Daru Lab guide to using Stanford Sherlock HPC cluster


Sherlock HPC Resources

We have access to the Sherlock clusters. Documentation for Sherlock is here.

As a member of the Daru lab, you have access to the following resources on Sherlock:

Connecting by SSH

Use SSH from a terminal and your SUNet username to log in.

# Connect to Sherlock from your local computer
ssh <user>@login.sherlock.stanford.edu
    

Setup Your Scratch Directory

On Sherlock, you can access several partitions, but the ones commonly used in the Daru lab are the "hns" and "normal" partitions. Use your user-specific scratch directory to run your jobs. This is also where you can temporarily store large data files, but remember that files on SCRATCH and GROUP_SCRATCH are automatically purged 90 days after their last content modification.

To transfer files from your local computer to the cluster, you can use sftp, or you can download data directly on the cluster if it is hosted online somewhere.

# On your local computer
# Transfer files or dirs from your local computer to the scratch space
sftp <user>@dtn.sherlock.stanford.edu
put /pathtofile/on/your/computer/file.csv
    

Submit Jobs to the Cluster Using SLURM

The Sherlock cluster uses the SLURM job submission system to manage shared resources on the cluster. When you log in, you will start at the "head" node, which is like a waiting area. Remember not to run any jobs on this node. Instead, you can submit your jobs via SCRATCH using a "job script" to reserve resources for your job and send it to run on a "compute node".

To keep things organized, create a directory called "Batch" for your job submissions. This way, you can easily keep track of your tasks.

# In the SCRATCH node
mkdir ~/Batch{1..10}
    

Example Job Submission

The bash script below tells the scheduler the resources we need, which partition to use ("hns"), and how the job and output files should be named. The command below reserves 16 cores and executes the R CMD BATCH command to run the R script calibration.R in the Batch* folder. The file is named script.sbatch and is placed one directory outside where the R scripts are located in the "Batch/" directory.
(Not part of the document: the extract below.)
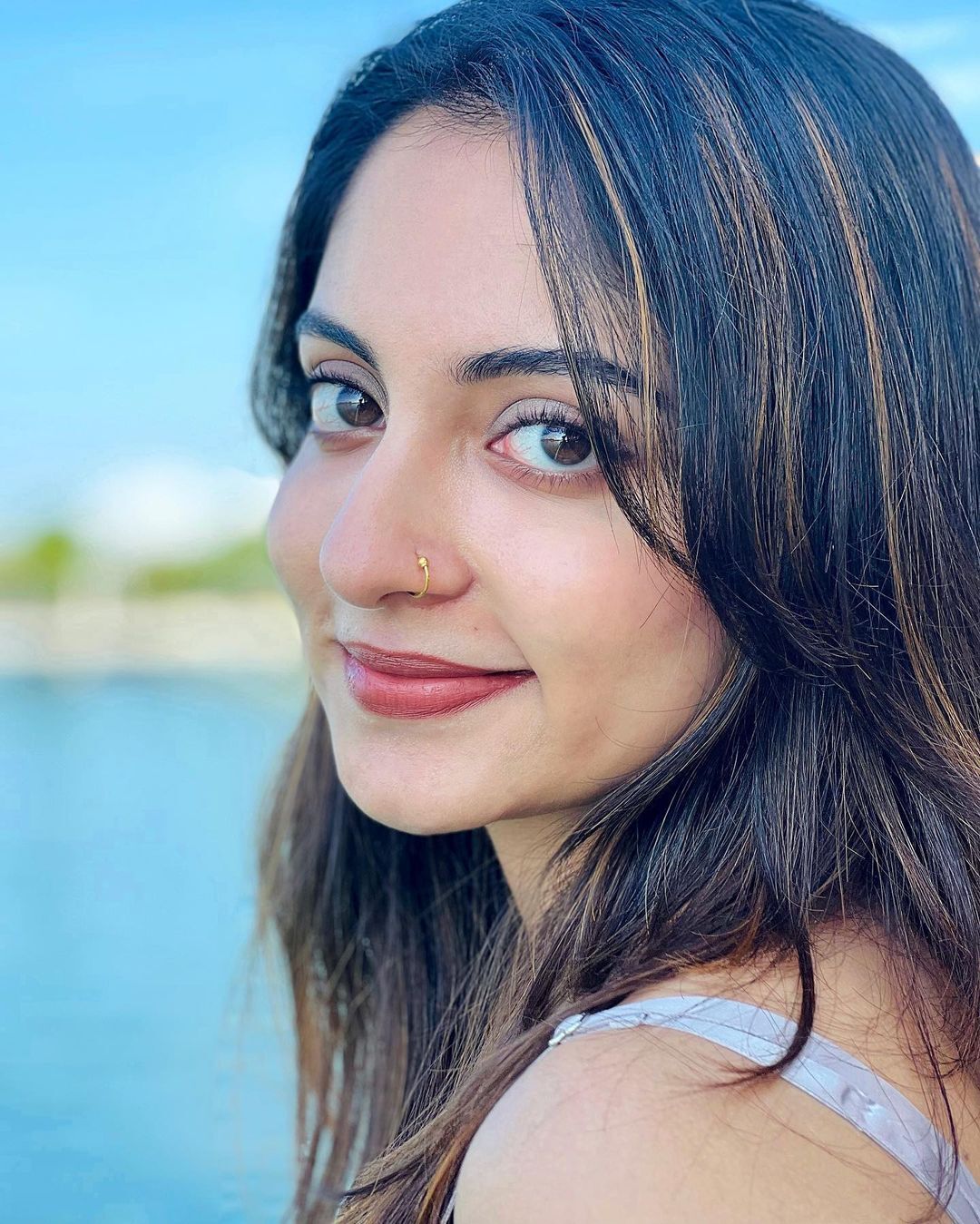 ഗ്ലാമറസ് ലുക്കില്‍ പൊളിച്ചടുക്കി താരപുത്രി: ഇഷാനി കൃഷ്ണയുടെ പുതിയ ഫോട്ടോകള്‍ വൈറല്‍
# Open file with vi text editor on the head node
vi script.sbatch
    
#!/usr/bin/bash
#SBATCH --time=2-00
#SBATCH -p hns
#SBATCH --ntasks-per-node=16
#SBATCH --nodes=1
#SBATCH --mem=90GB

cd ${1}

R CMD BATCH --no-save --no-restore calibration.R output.out
    

Submit the job to the scheduling queue.

# On the scratch node
for DIR in Batch*; do sbatch script.sbatch $DIR; done
    

Check whether it has started yet.

# On the scratch node
sacct
    

Interactive Mode

If you only plan to do a small amount of work, it is better to jump into an interactive session rather than submit a job to request many resources. This type of job will usually start quickly.

To request a 30-minute interactive session, use the following command:

sdev

This will allow you to start a quick and interactive session on the Sherlock cluster for shorter tasks or testing purposes.